LO is almost 2.5 and almost since turning 2, he has resisted bedtime. at first, like you, i was giving in because i thought something was really off or wrong. then when i finally got wise to the situation, the “best” thing that works for us now is tough love. we turn off the lights, turn on the twilight turtle and nighttime machine, start singing twinkle twinkle…and the whole time he’s jumping up and down in his bed like a maniac.

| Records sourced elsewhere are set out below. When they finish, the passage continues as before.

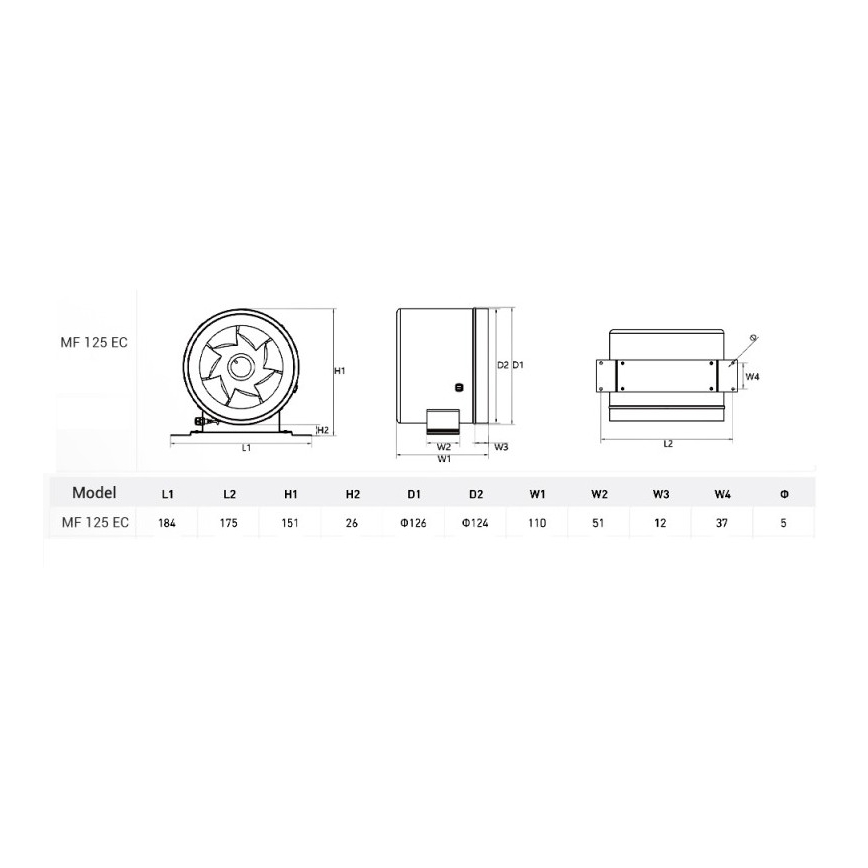 Dalap 24MF125 - Potrubný ventilátor s úsporným motorom a regulátorom otáčok MF 125 EC 20W/230V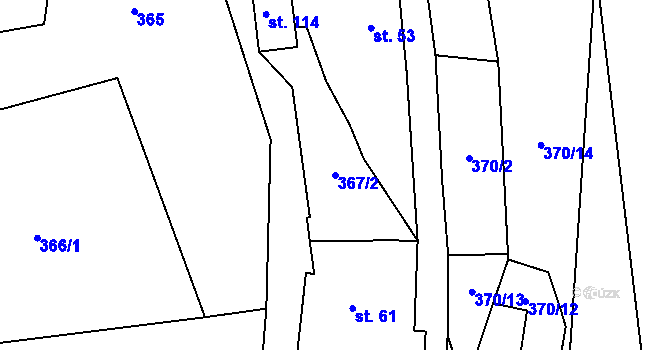 Parcela st. 367/2 v KÚ Smrk u Úžic, Katastrální mapa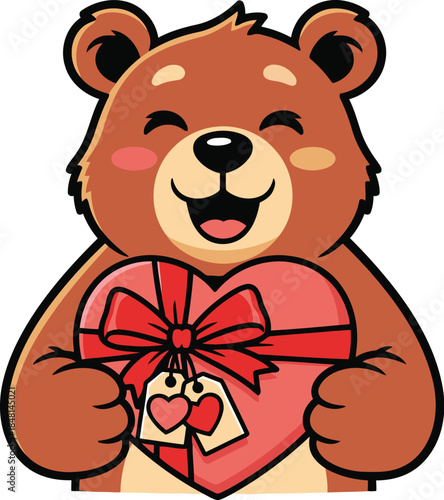 Adorable brown bear holding heart shaped gift on Valentine's Day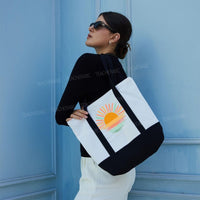 Sun Colorful Pattern Color-blocked Canvas Bag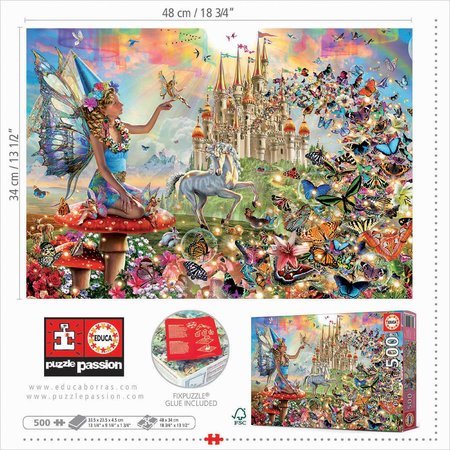 Puzzle Fairy & Butterflies Educa 500 dielov a Fix lepidlo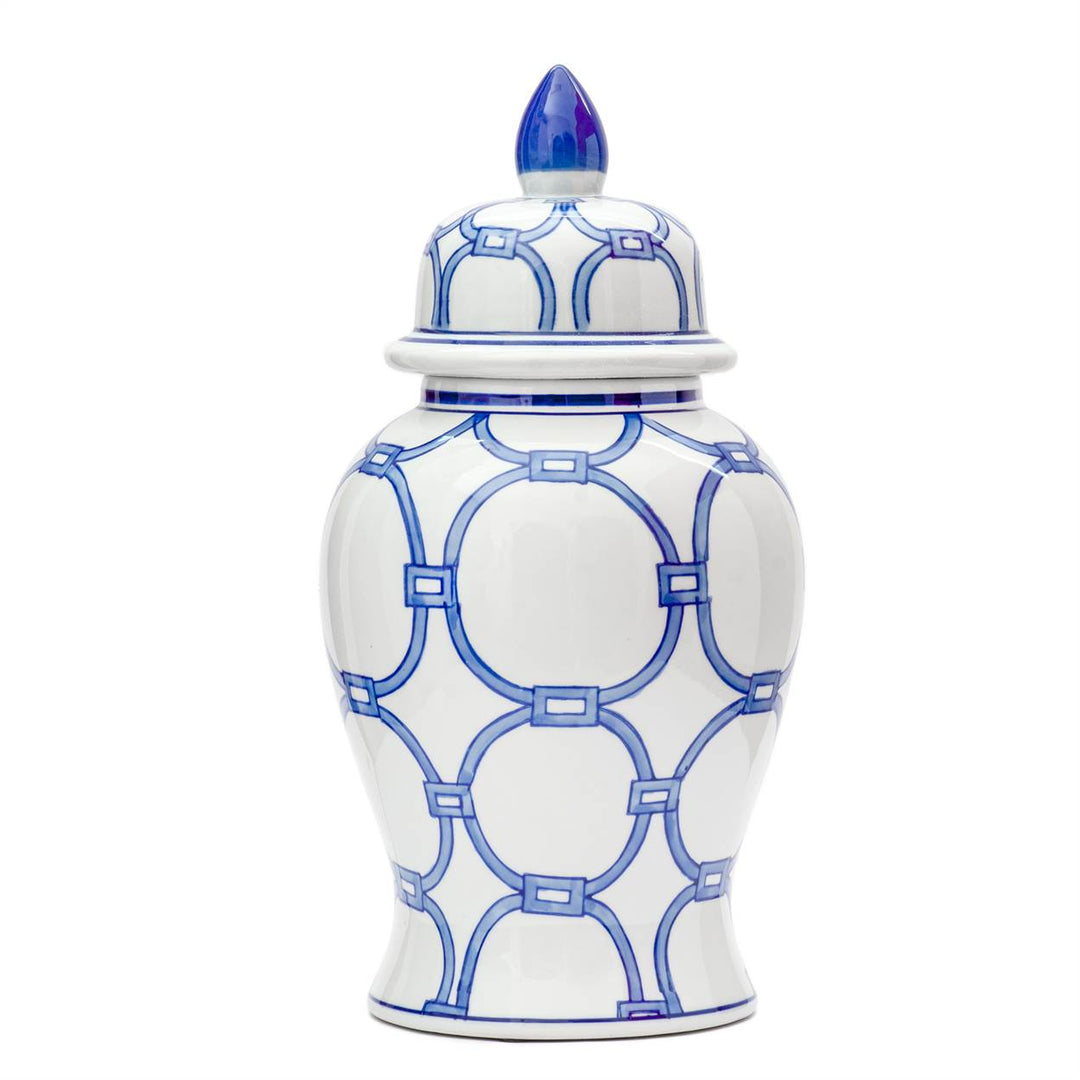 Ginger Jar - Blue &amp; White Circles 37cm
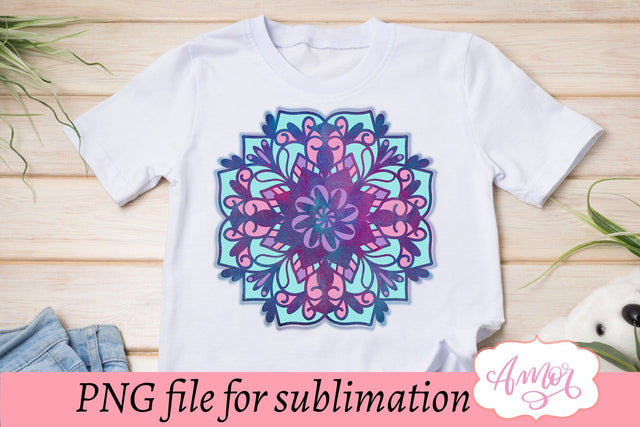 Colorful mandala sublimation design for T-shirts Sublimation Amorclipart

we leave anyway and close the door, and i let him cry at the door for about 5 minutes. then i go back in, point to his bed, he climbs in, i cover him with blankets, and leave. i don’t say anything or look at him. it’s annoying that we have to do this every night, but overall it takes up 15 minutes and i’d rather have that then having to sleep with him in his room, which has never been a good idea.
guest
Our daughter just turned 2 and we’re going through the same thing (also she will NOT let daddy do any of her bedtime stuff and we have a baby coming in 3 months, so I’m a bit worried). What has been working for us is a lot of talking about all the fun stuff we’re doing the next day and how she needs to sleep now to rest up for tomorrow – and also telling her that daddy and mommy are going to sleep now too (white lies).